Maybe it's something to do with the lived-in physicality of the changes I wrought on my childhood original: running it over walls and up and down driveways; firing it off flights of steps (in best Dukes of Hazzard stylee); burying it in the sandpit (and forgetting it was there until the next summer); and yes, loading it onto a plastic boat at the beach and then sand-bombing it until it sank.

There's stories there, I guess. Sort of like a before and after. And despite rolling off the factory lines in their millions, I like to think that no two battered Matchbox cars are exactly the same - the chips and scuffs will always be slightly different. I fondly imagine I could recognise some of mine by their unique patina.

 

Funnily enough though, this Thunderbird does have an actual story attached. A written one. 

 

So it was January 1986.

I was in Primary Two, which due to the peculiar way in which the education system works in Northern Ireland, meant that I'd already enjoyed a year and a half of formal schooling, despite the fact I was only five years and six months of age.

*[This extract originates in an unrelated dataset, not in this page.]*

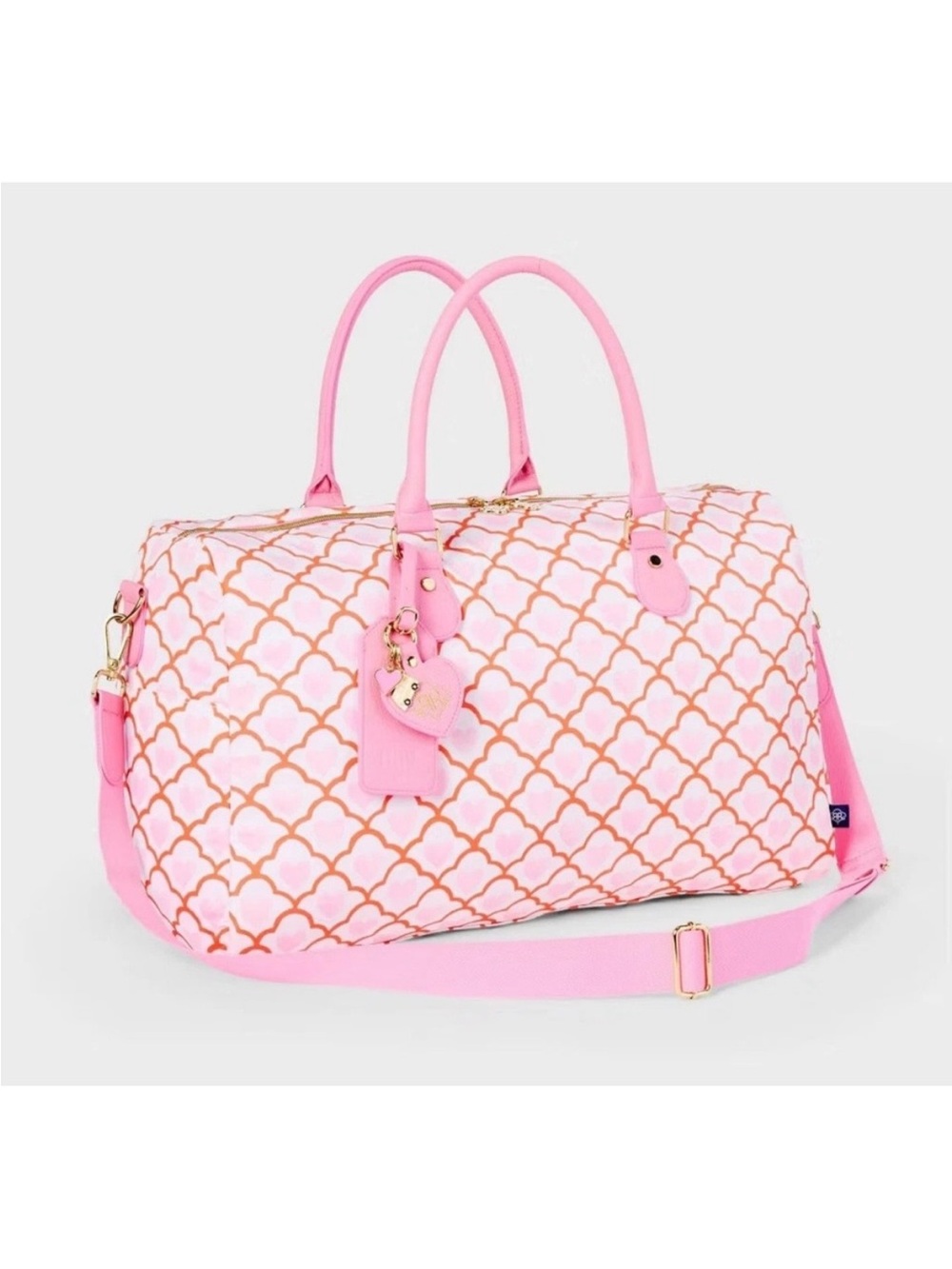Roller Rabbit x Target Pink Quilted Travel Duffel Bag with Gold Accents NWT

I was one of the youngest in the year. A wee June baby, as they're apparently known in the profession. Children who start school just after their fourth birthday, and are noticeably smaller and less able to adapt to the rigidity of a school environment. It was a fairly big primary school too, with nearly 600 kids.

In common with most of my class, I did not particularly like my P2 teacher, Miss Finlay. She was old-school in every sense, having first come to the school not long after it opened in the 1950s. 

However,  the one upside of Miss Finlay's room was that she had a big box of cars. Old cars.

I don't know if they'd belonged to some family member of hers, or if they'd been donated, or otherwise acquired from jumble sale cast-offs, but they mainly consisted of 1940s and 50s Dinkys together with 1950s and 60s Lesneys, many of them King Size.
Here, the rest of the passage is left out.